* Information provided *
⁂

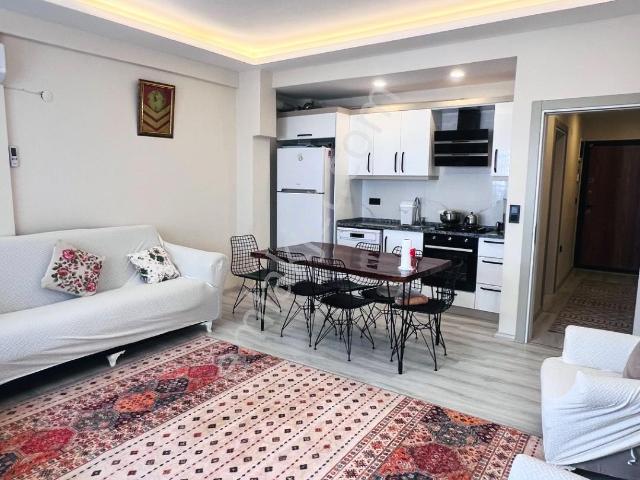 Kuşadası Davutlar'da Satılık 2+1: Merkezi Konum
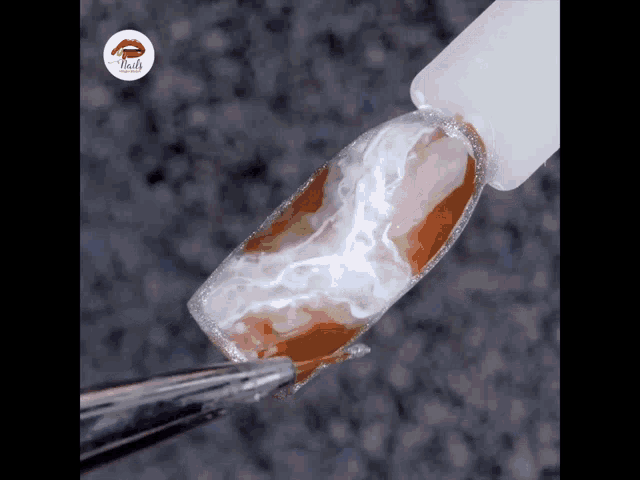 a close up of a nail with a bottle of nail polish in the background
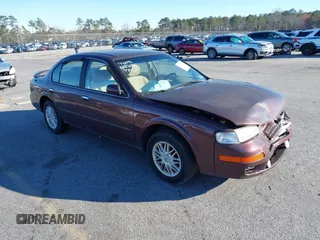 1998 Nissan Maxima GXE z VIN JN1CA21D6WM924907, wystawiony jako IAAI lot #41620753 z przebiegiem 145 572 mil mil oraz . Historia ofert i sprzedaży dostępna na DreamBid. Obrazek 1.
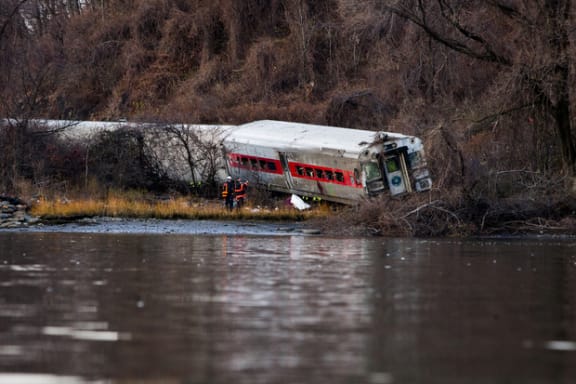 NY commuter train wreckage after derailment.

⁂

* Work instructions *
Please output the full listing above exactly, minus any pictures.

* Completed task *
 Kuşadası Davutlar'da Satılık 2+1: Merkezi Konum
 a close up of a nail with a bottle of nail polish in the background
 1998 Nissan Maxima GXE z VIN JN1CA21D6WM924907, wystawiony jako IAAI lot #41620753 z przebiegiem 145 572 mil mil oraz . Historia ofert i sprzedaży dostępna na DreamBid. Obrazek 1.
 NY commuter train wreckage after derailment.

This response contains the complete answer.